START Record extracts

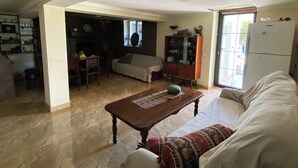 A spacious living room with a fireplace, a dining area, and a kitchen visible in the background. - Green House (Kutaisi)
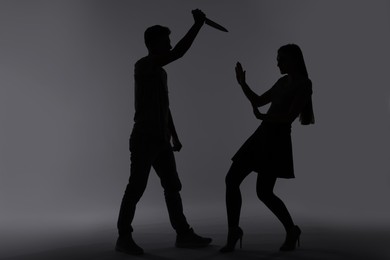 Domestic violence. Silhouette of man with knife threatening his wife on grey background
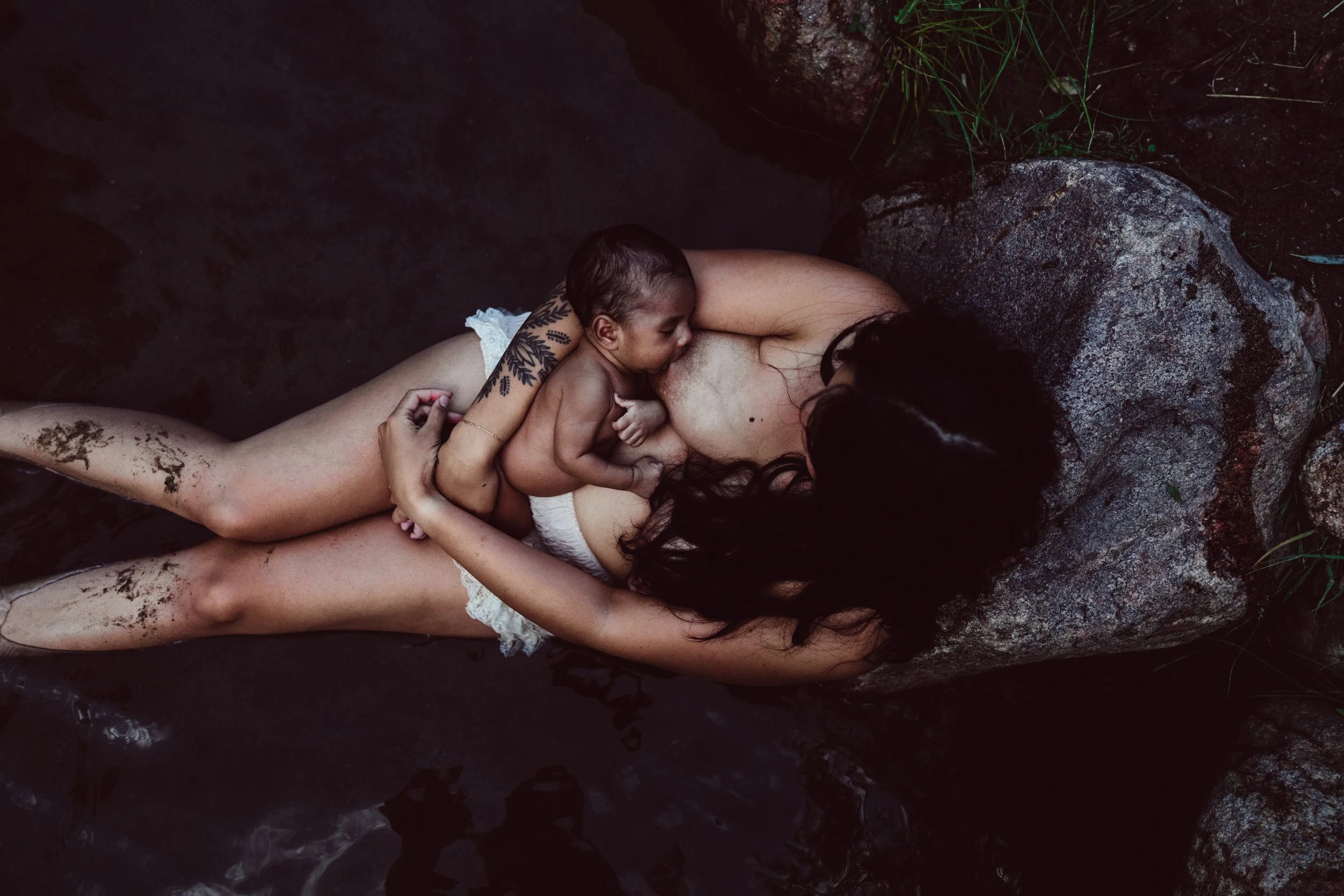 A woman with dark hair and tattoos lying in a water body with a small child breastfeeding, surrounded by rocks and green plants.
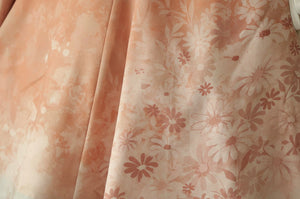 Peach floral print closeup on the skirt panel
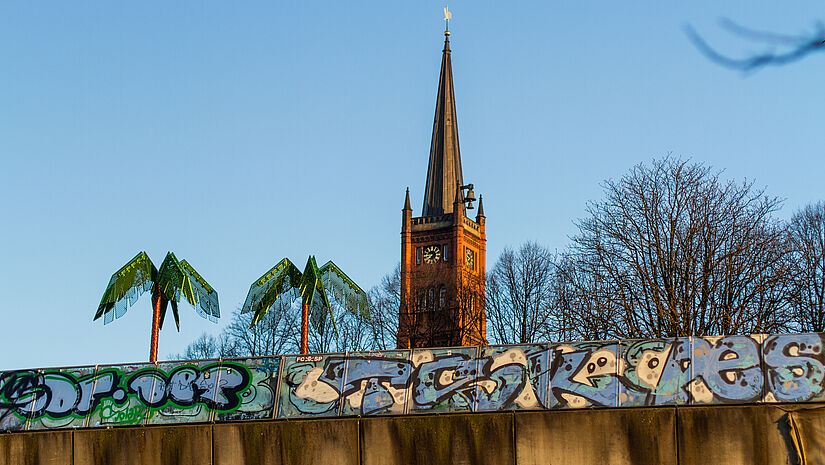 Die Kirche hinter Kunstpalmen des Park Fiction (St. Pauli).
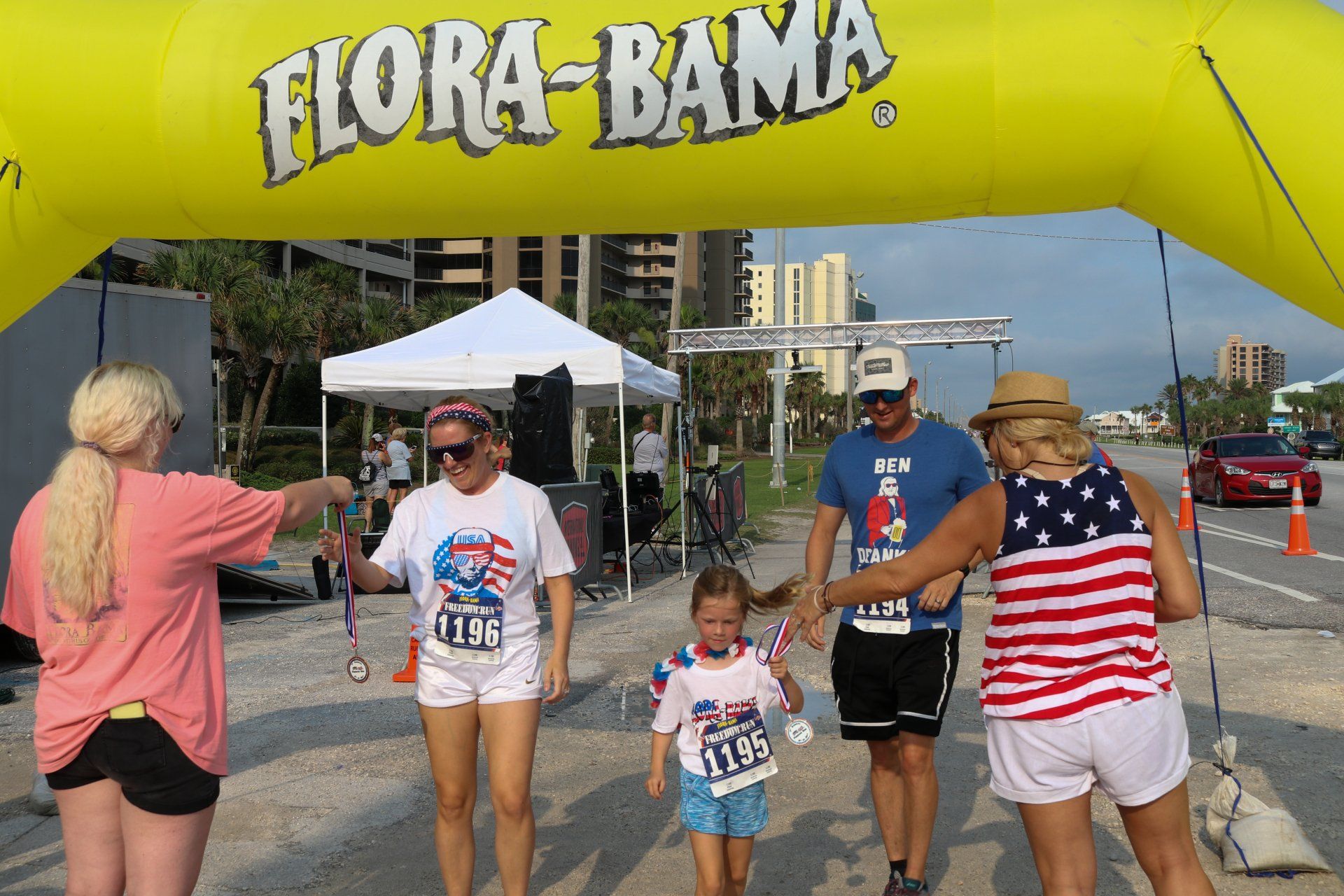 Participants cross under a yellow Flora-Bama archway at a race finish line with volunteers awarding medals.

END Record extracts

§ **What the exercise asks**
The expected output is each record, copied exactly, and nothing in place of the pictures.

§ **Solution below**
 A spacious living room with a fireplace, a dining area, and a kitchen visible in the background. - Green House (Kutaisi)
 Domestic violence. Silhouette of man with knife threatening his wife on grey background
 A woman with dark hair and tattoos lying in a water body with a small child breastfeeding, surrounded by rocks and green plants.
 Peach floral print closeup on the skirt panel
 Die Kirche hinter Kunstpalmen des Park Fiction (St. Pauli).
 Participants cross under a yellow Flora-Bama archway at a race finish line with volunteers awarding medals.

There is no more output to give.